Raghuram Rajan, the governor of the Reserve Bank of India, created controversy when he seemed to criticize the “Make in India” campaign at a recent speech in Delhi. Rajan, formerly a professor of finance at the University of Chicago with a distinguished academic record, also served previously as chief economist of the International Monetary Fund (IMF). But he is also an appointee of the previous government.

His doubts stem from the global economic downturn. With demand for cheap manufactured goods growing at a slower pace than during China’s rise, India may have a hard time asserting its advantage and finding new markets for its products. Like China today, he said, India may have to rely on domestic demand to fuel its growth.

Yet perhaps Rajan was making too ambitious an interpretation of the Modi government’s announcement. Even if India cannot realistically hope to displace China, even a small increase in India’s share of global manufacturing and the increase in employment it would bring would be positive.

Also, Rajan may be too pessimistic about the global economy. China’s economic reform package, Europe’s slow reform of its financial policies, and Japan’s radical attempts at stimulus will likely yield higher growth in a few years. If India gears up today, it may be in a better position to become a major manufacturing economy than if it waits until a global economic recovery is already well underway.

After all, India is decades behind China in terms of urbanization, exports, and foreign direct investment: The cost of the lost opportunity is huge, and the problem remains unresolved.

India is going to need to find a way to create jobs for hundreds of millions of young people, and only manufacturing can provide that opportunity. Unfortunately, despite Modi’s apparent sincerity, his government has so far offered only a slick website and marketing campaign rather than the economic reforms that would be needed to turn the aspiration into a reality.

The major impediments in India remain labor laws that make hiring and firing difficult, and rigid land acquisition laws that discourage the purchases necessary to start manufacturing operations. What’s more, India’s basic infrastructure is still so creaky that there are many practical difficulties to setting up a factory. Intermittent and unreliable power provided by the public utilities means that factories need their own private diesel generators, jacking up the cost of production and increasing airborne pollution that would disappear if there were a reliable power grid. And once a factory has made its products and is trying to get them to market, it has to contend with poor quality roads, rail, and shipping infrastructure.
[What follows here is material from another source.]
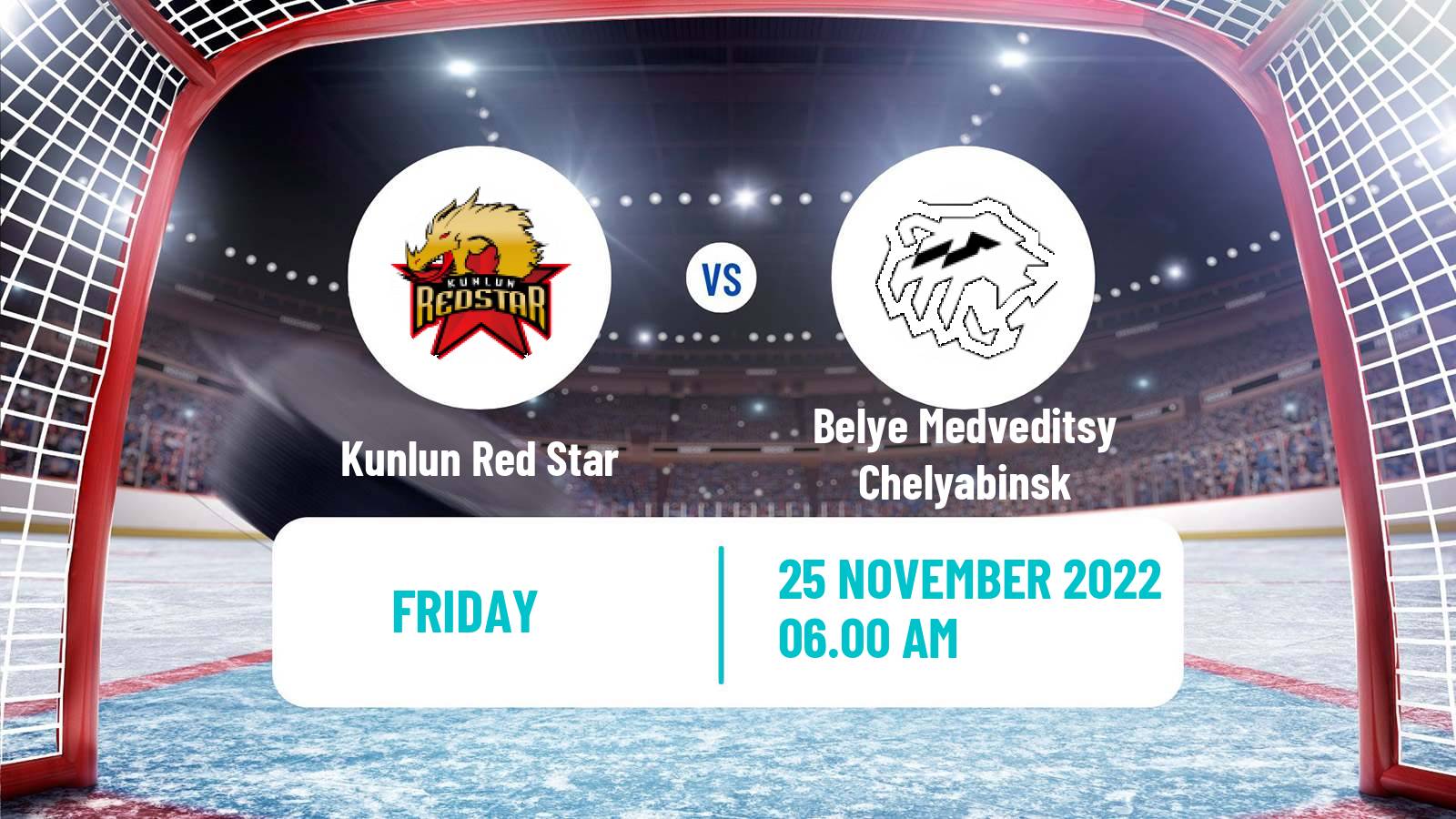 Hockey Russian WHL Kunlun Red Star - Belye Medveditsy Chelyabinsk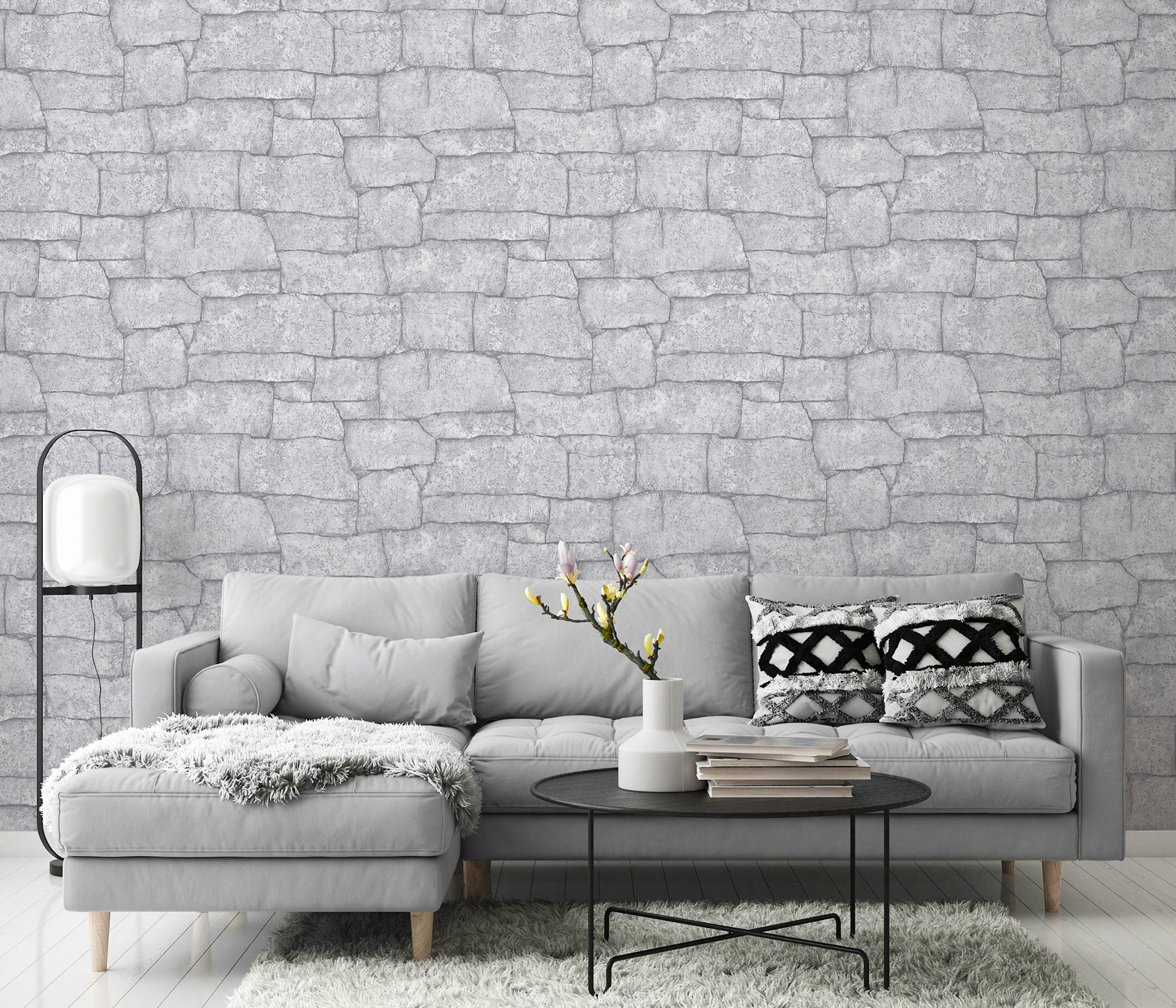 Erismann Vliestapete Focus grau 1029731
To be sure, policy reform in India is politically difficult. Although the BJP and its allies have a majority in the Lok Sabha, the lower house of parliament, they lack one in the Rajya Sabha, the upper house — the Congress Party and its allies can still block legislation in the upper house.

Yet building reliable infrastructure does not require legislative reform, just the government’s commitment to get the job done. This can happen through administrative fiat, so long as the government budgets the necessary funds. Here the news is better. From their many announcements, it’s clear that Modi’s government is committed to ramping up infrastructure development, in part by luring investment from foreign countries such as Japan and Russia.

Of course, a reliable power grid and well-functioning roads aren’t built in a day. By contrast, once legislative reform happens, the land and labor markets will be unlocked very quickly.

Though a lot of heavy lifting remains to be done for either approach to succeed, Modi has made clear that boosting manufacturing and employment is one of his government’s highest priorities. He might do well to remember that his predecessor, Manmohan Singh, said exactly the same thing in 2013, and did almost nothing about it. But then that was when the Singh government had only a year left in office. Modi is still early into a five-year mandate, and has time to get the job done.

It’s time for the rubber — and the bulldozers — to hit the road.